- Input data -
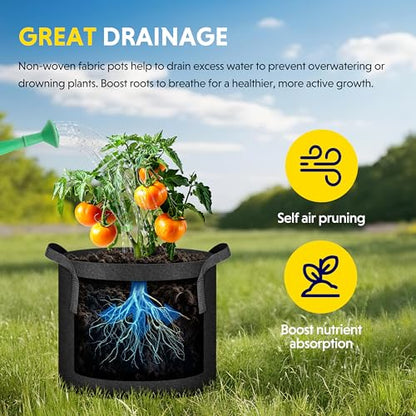 iPower Plant Grow Bag 3 Gallon 6-Pack Heavy Duty Fabric Pots, 300g Thick Nonwoven Fabric Containers Aeration with Nylon Handles, for Planting Vegetables, Fruits, Flowers, Black 2024 Version - color: Black, size: 6pack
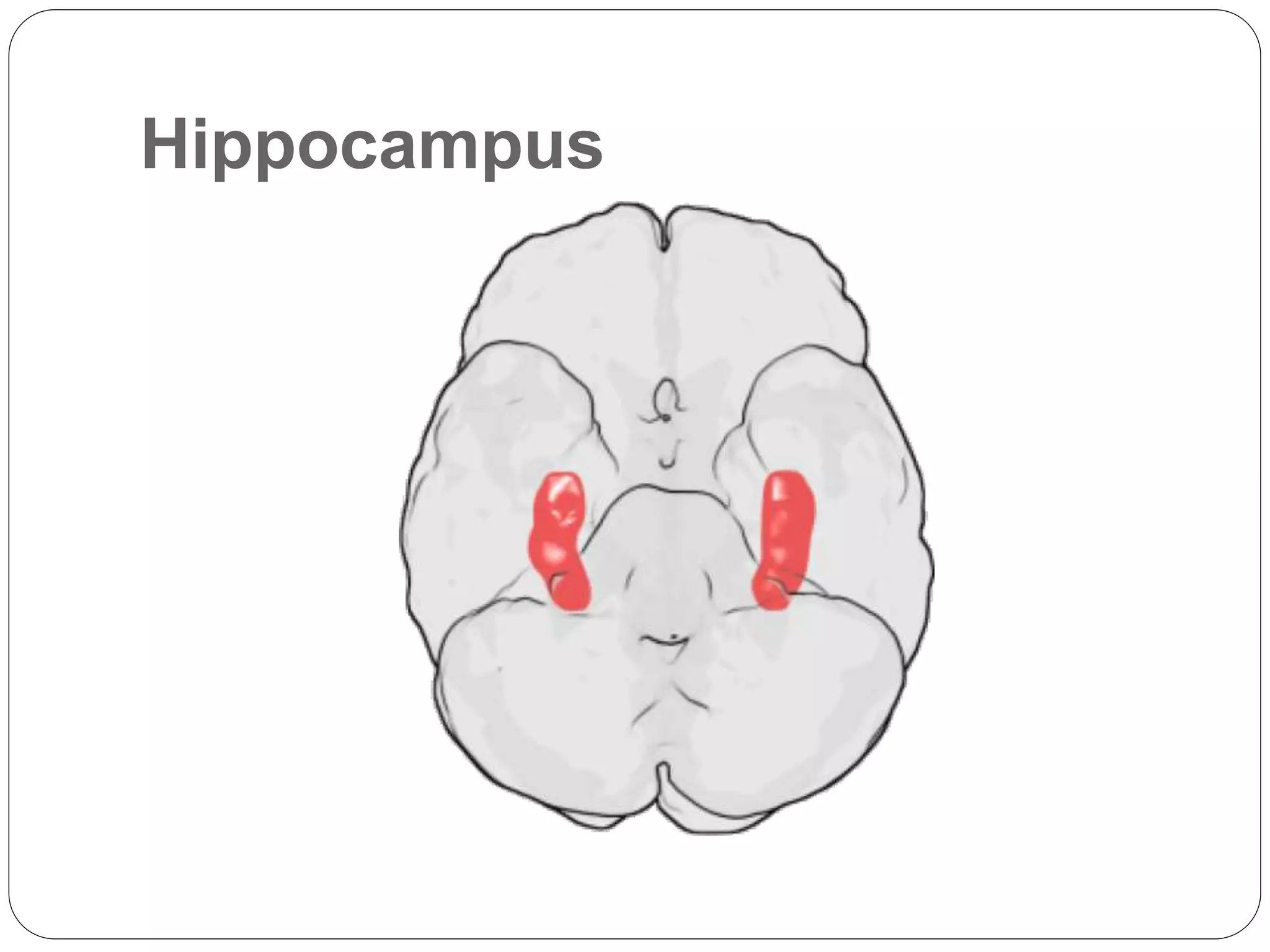 Hippocampus
 
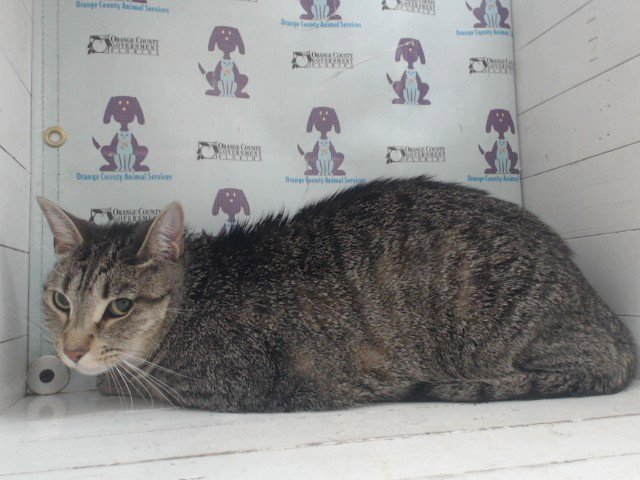 LEONARD Image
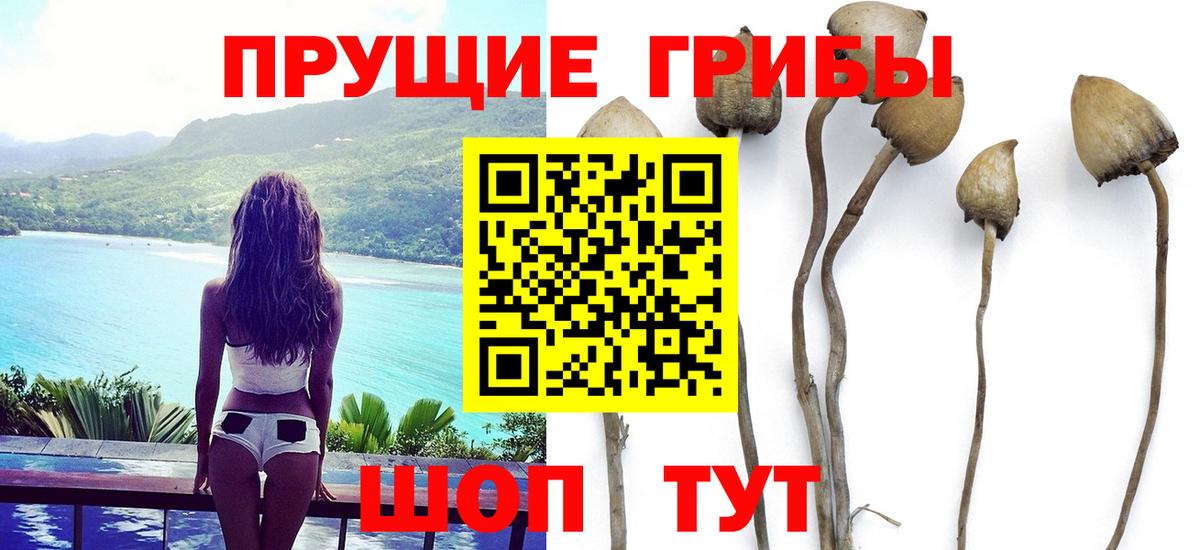Галлюциногенные грибы ЛСД Ейск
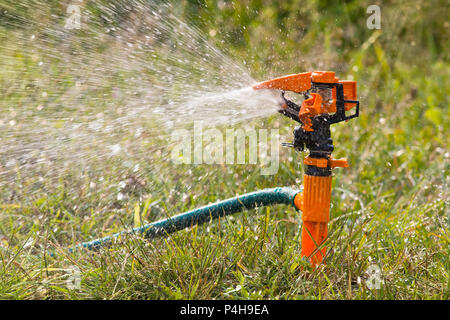 Giardino irroratore per innaffiare il prato o giardino Foto Stock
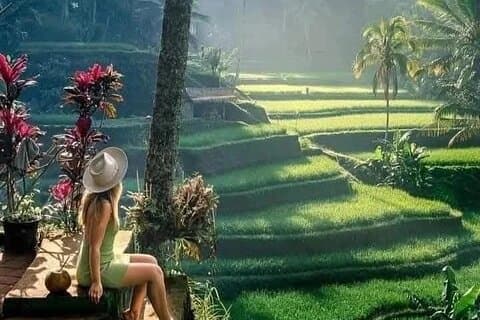 Det bästa med Ubud Sightseeing Privat All Inclusive Tour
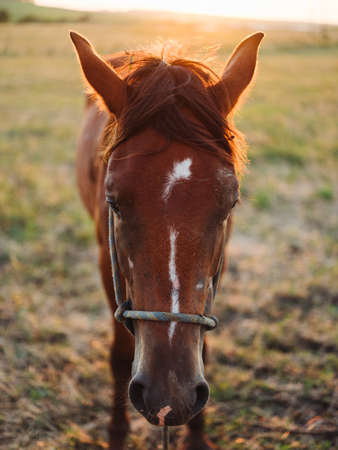 Brown horse grazes on a meadow in a field close-up cropped viewの写真素材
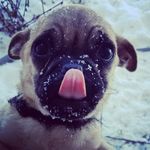 Hank Jackson - @hankisinthehouse - Instagram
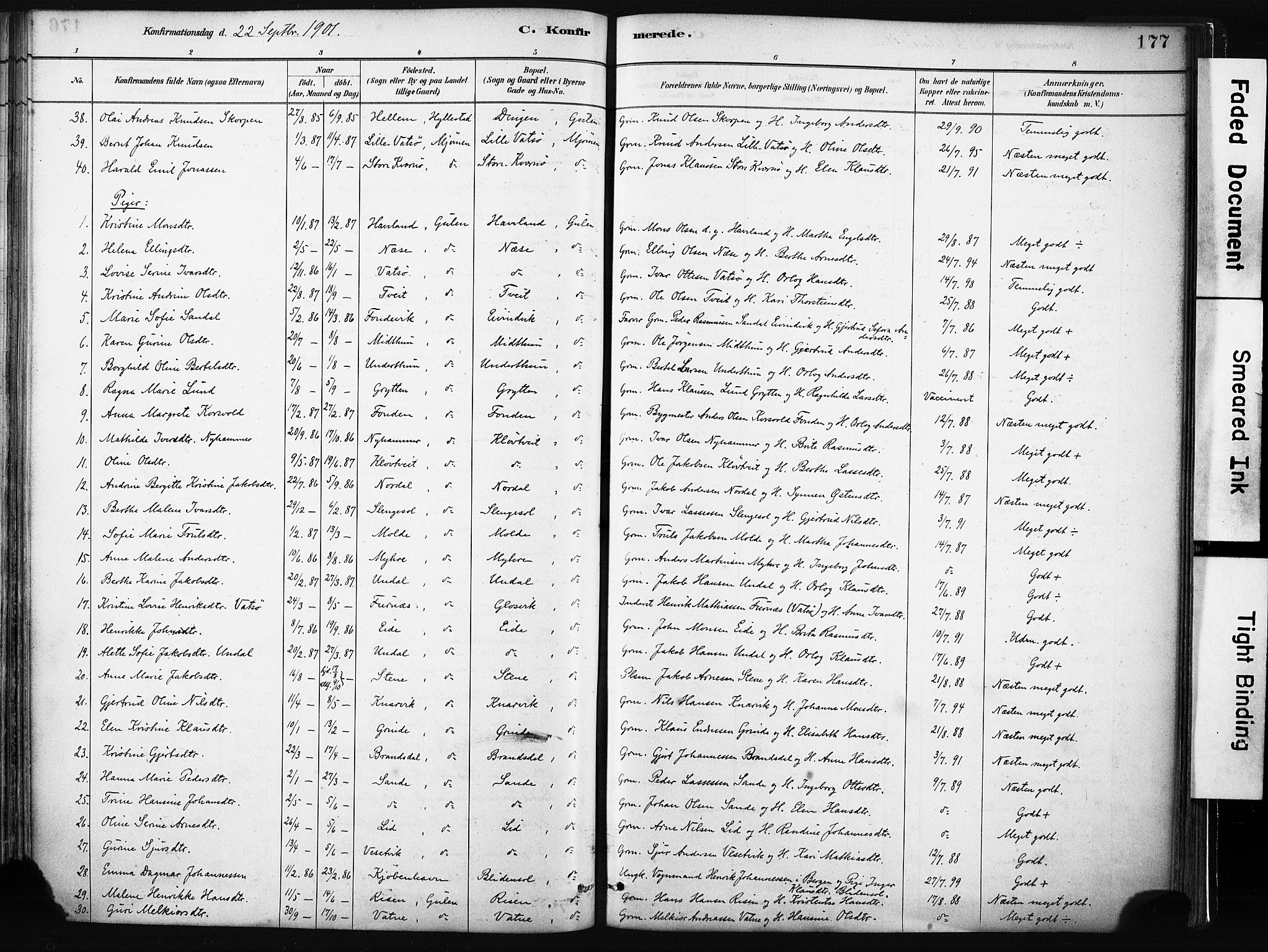 Gulen sokneprestembete, AV/SAB-A-80201/H/Haa/Haab/L0001: Parish register (official) no. B 1, 1881-1905, p. 177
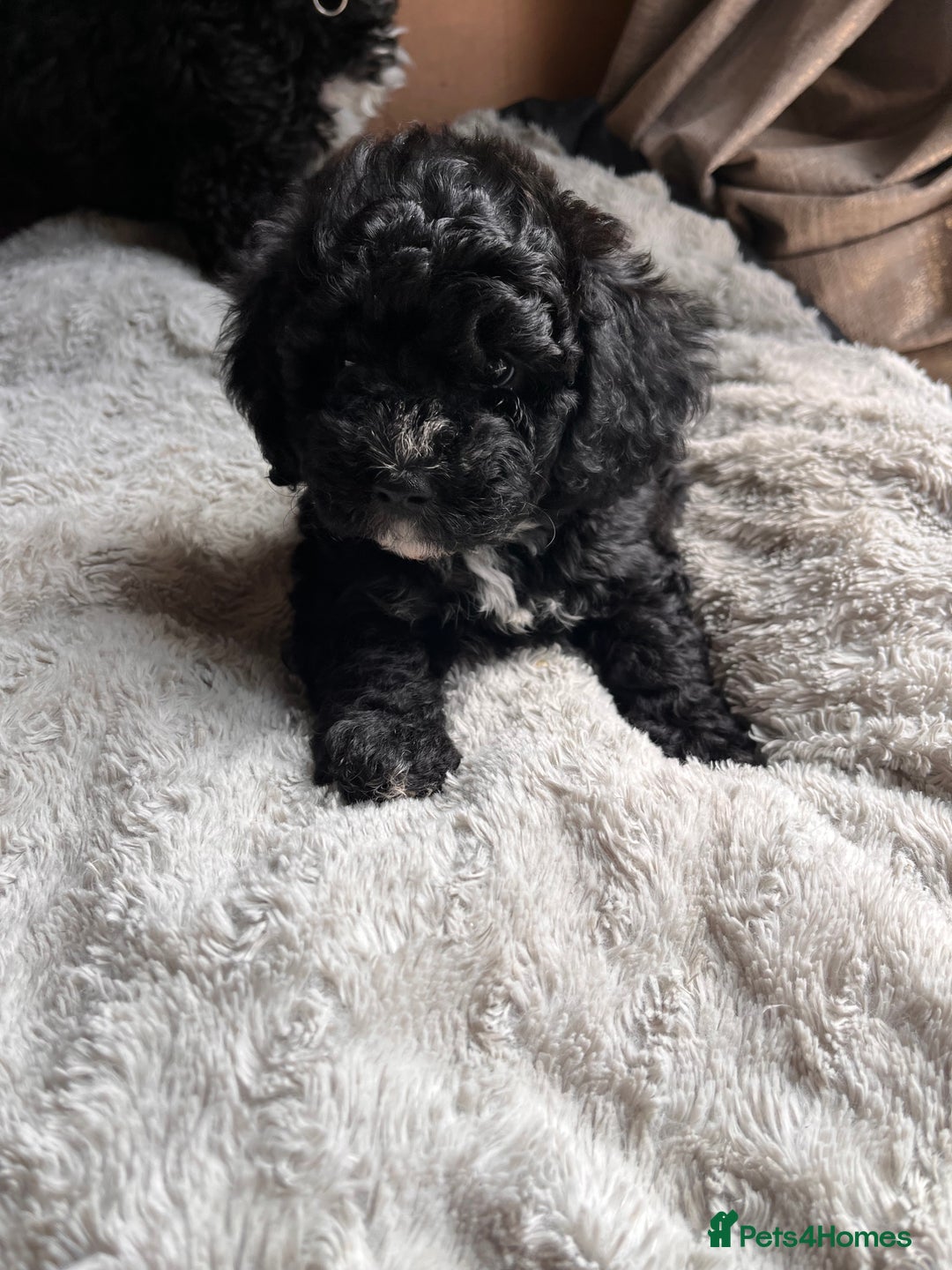 Maltipoo dogs for sale: Unique maltipoo litter 🐶🩷🩵 - Image 4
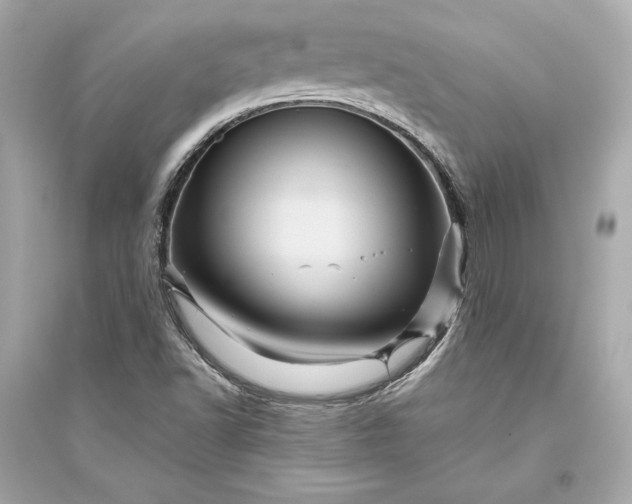 X0000094811502200711301540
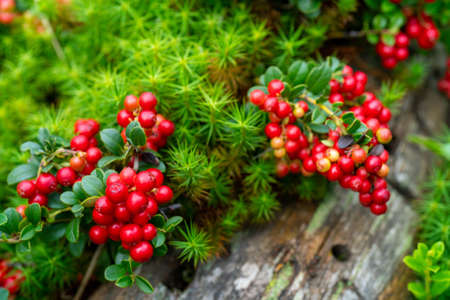 Lingonberry bushes in the forest. Red ripe wild berries. Natural background.の写真素材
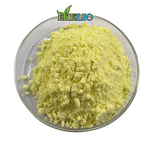 Curcumin Powder Manufacturer - Water Soluble Supplement Turmeric Root Extract 95%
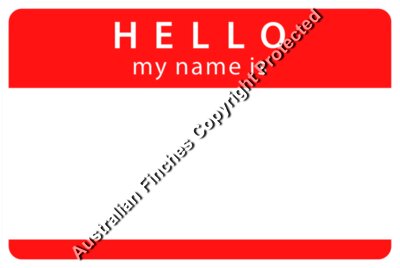 Hello My Name Is Sticker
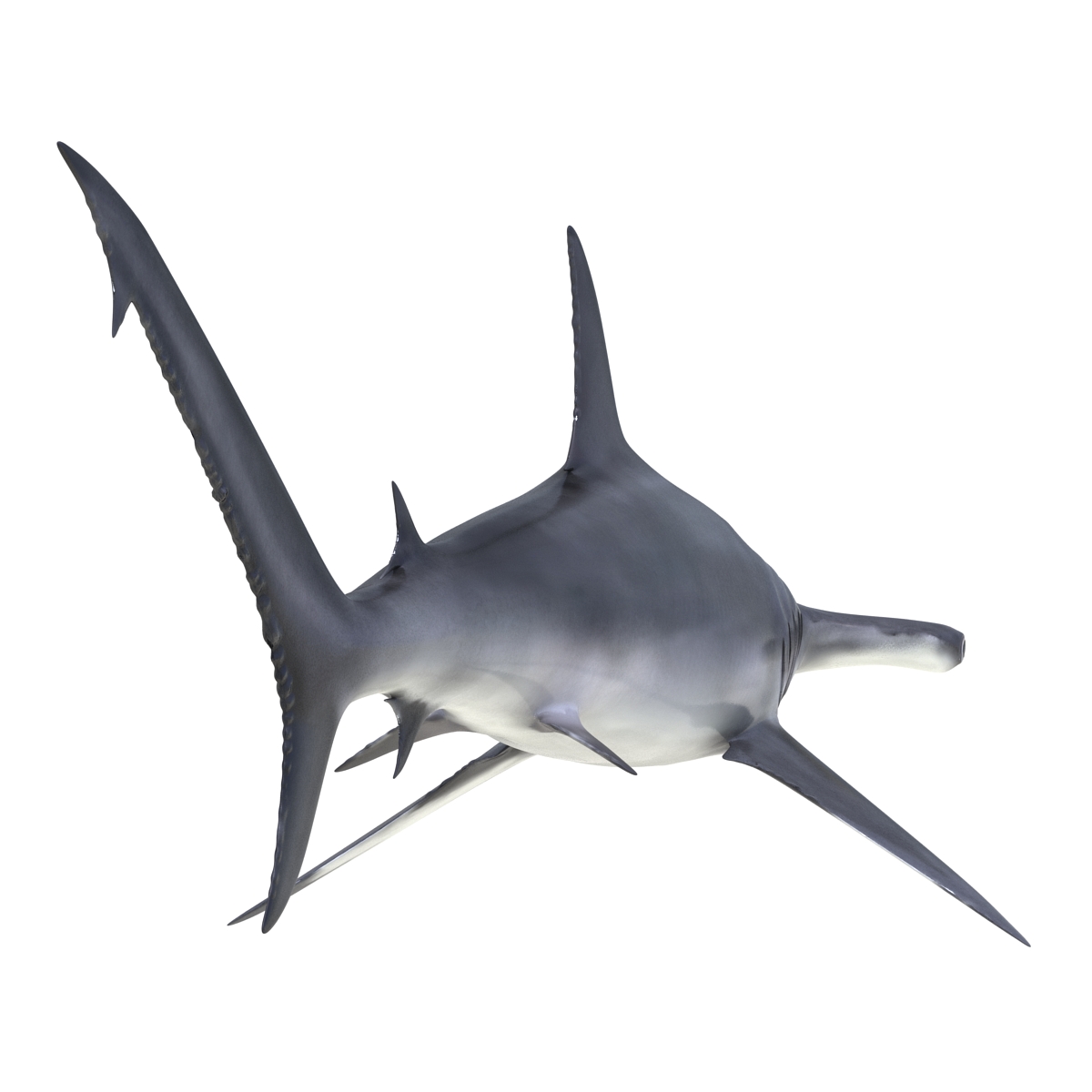 Great Hammerhead Shark 3D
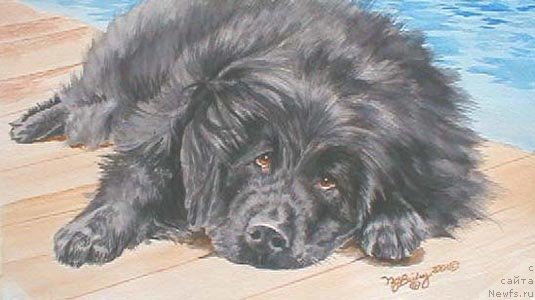 Фотография № 213689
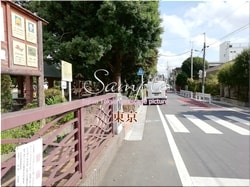 Tokio Suginami-ciudad 40 ■ 2021 últimas salas de Tokio 23 sin procesar 1,000P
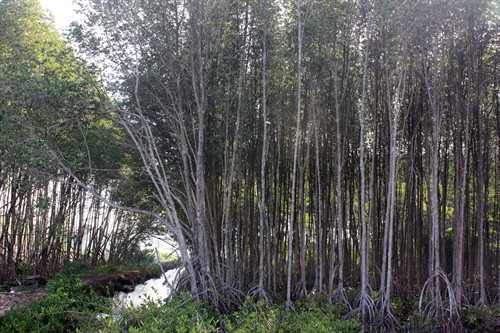 Ảnh minh họa- TTXVN Ảnh minh họa- TTXVN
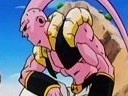 Buu forms explained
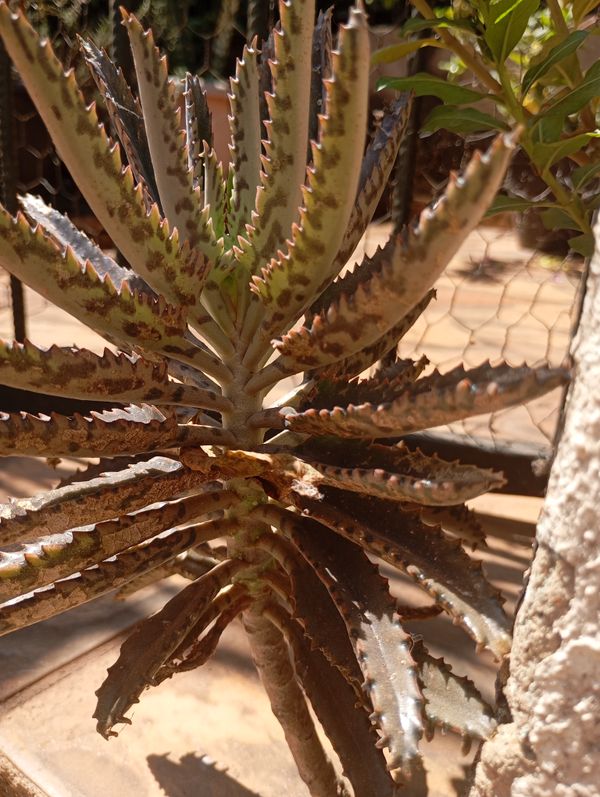 Identificação da planta Saião por foto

- Task details -
Where the line holding "Great Hammerhead Shark 3D" appears, start copying, and continue exactly through the last line of the listing, both ends included, skipping the pictures.

- Answer to the problem -
 Great Hammerhead Shark 3D
 Фотография № 213689
 Tokio Suginami-ciudad 40 ■ 2021 últimas salas de Tokio 23 sin procesar 1,000P
 Ảnh minh họa- TTXVN Ảnh minh họa- TTXVN
 Buu forms explained
 Identificação da planta Saião por foto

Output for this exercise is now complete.